Consistent with the physics of these supersymmetric decays in the lepton channel, we find that the most informative features for classification are the:
- missing energy magnitude due to the neutralino
- the transverse momentum $p_T$ of one of the charged leptons
- missing transverse energy along the vector defined by the charged leptons (Axial MET) and
In our analysis above we manually inspected how the performance evolved when we changed the hyperparameters of the Random Forest one at a time. In practice, it can be better to automate this process using scikit-learn's RandomizedSearchCV
to search for the best combination of hyperparameter values:
# define range of values for each hyperparameter
param_dist = [
{
"n_estimators": [10, 20, 40, 80, 160],
"max_features": [0.5, 1.0, "sqrt", "log2"],
"min_samples_leaf": [1, 5, 10, 25],
}
]
# instantiate baseline model
model = RandomForestClassifier(n_estimators=10, n_jobs=-1)
# initialise random search with cross-validation
random_search = RandomizedSearchCV(
model, param_distributions=param_dist, cv=5, scoring="roc_auc", n_jobs=-1
)
# this is a RAM hungry monster, so best fed on a laptop!
%time random_search.fit(X, y)
Once the search is finished, we can get the best combination of parameters as follows:
random_search.best_params_
We can also examine the evaluation scores as follows:
cv_results = random_search.cv_results_
for score, params in zip(cv_results["mean_test_score"], cv_results["params"]):
print(f"{score:.3f}", params)
Now that we've tweaked our model's parameters, let's evaluate the final model on the test set. Here we just need the best model, and to evaluate it's predictions on the test set:
# select best model from randomised search
best_model = random_search.best_estimator_
# define features and target for test set
X_test, y_test = susy_test.drop("signal", axis=1), susy_test["signal"]

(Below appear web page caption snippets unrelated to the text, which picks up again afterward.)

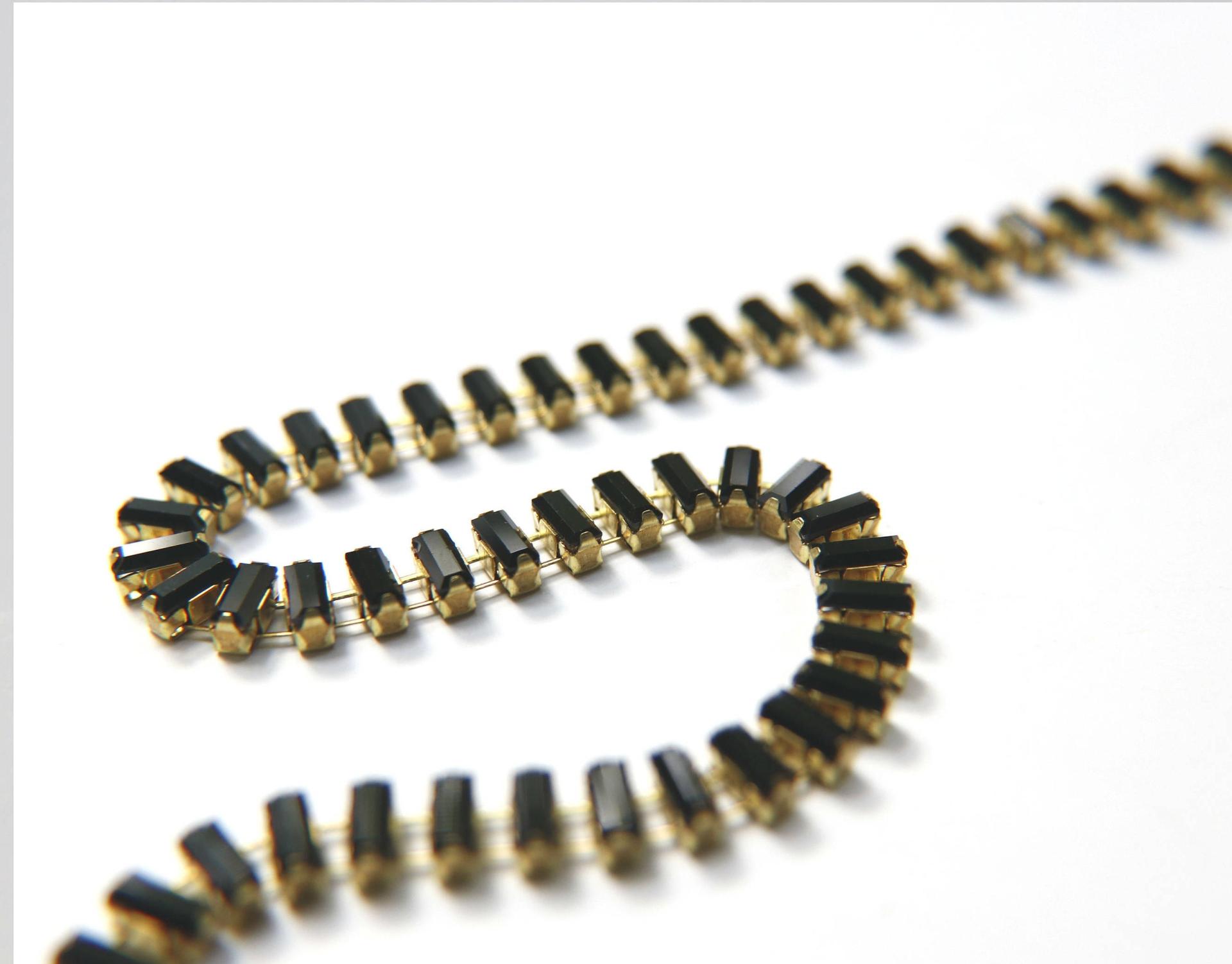 Swarovski Snake Baguette chain 7x3 mm in JET (280) settings in Brass 0.5/1/2 Meters Wedding Bridal Supplies|Jewelry Making|Decoration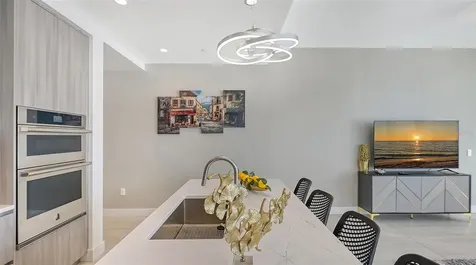 301 Quay Common Sarasota FL 34236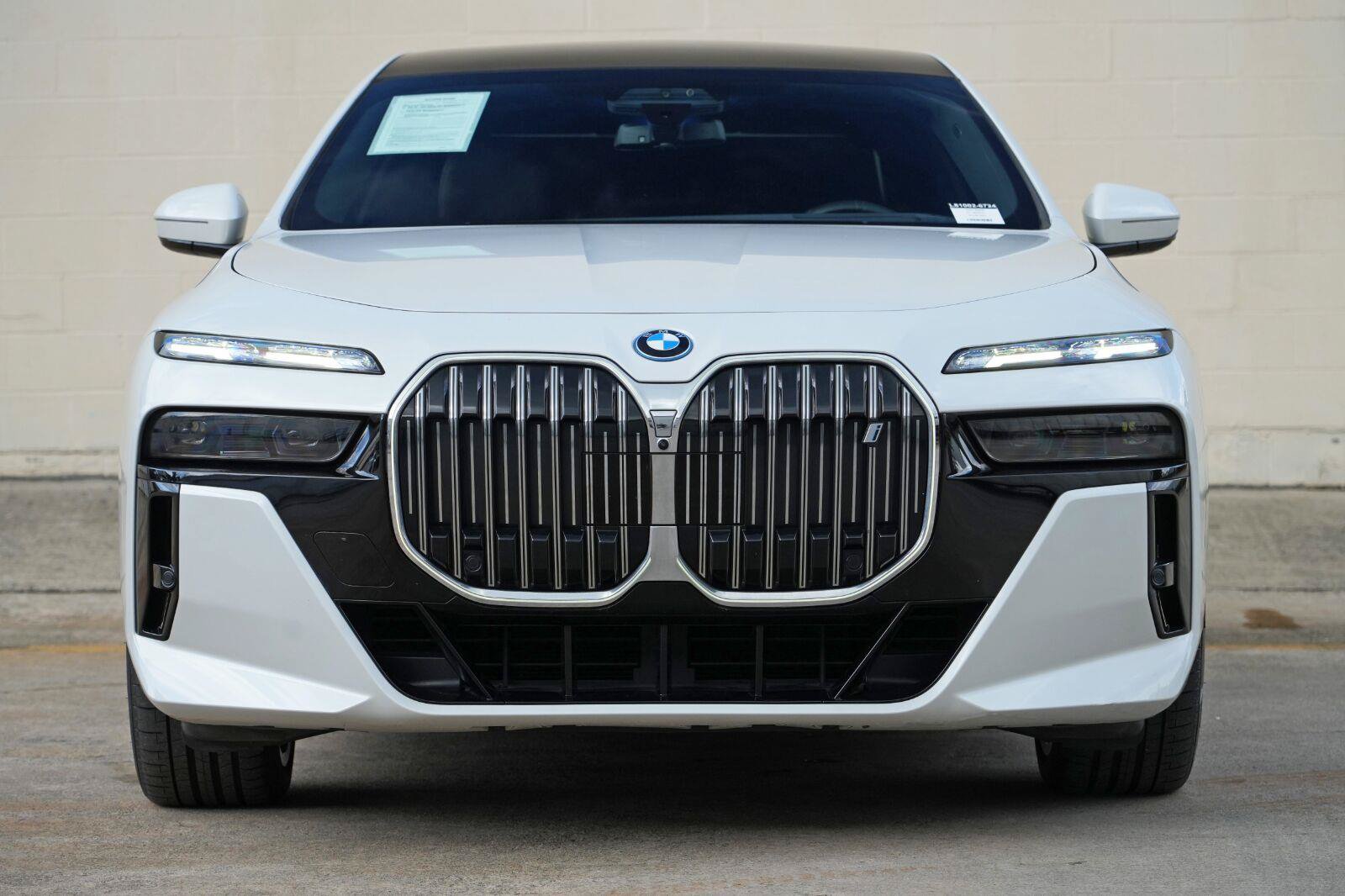 Used 2023 BMW i7 xDrive60 w/ Executive Package 2 AWD/4WD image 6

# calculate probabilities per class
probs = best_model.predict_proba(X_test)[:, 1]
# evaluate against ground truth
roc_auc_score(y_test, probs)
The performance is compatible with that on the validation set, which suggests we have managed to not overfit! Compared to the benchmark models in the original article, our model is now better than the Boosted Decision Tree and with 0.5-1% of the (deep) neural networks - not bad!
- Use the techniques in this lesson to build Random Forest models for the "low-level" and "high-level" set of features. How do their ROC AUC scores compare against the table above?
- Randomised search is not guaranteed to find the best set of hyperparameters, so for an exhaustive search one should use grid search. To reduce the computational overhead, use the results from randomised search to reduce the parameter space and then launch a grid search to select the optimal features within this space.
- Use the optimal features either from randomised or grid search to train a Random Forest from scratch on the whole training set
susy_train
and evaluate its predictions onsusy_test
. You may want to increasen_estimators
to get slightly higher performance. With 4.5 million events to train on, this step is best done with the computational resources of your desktop or laptop!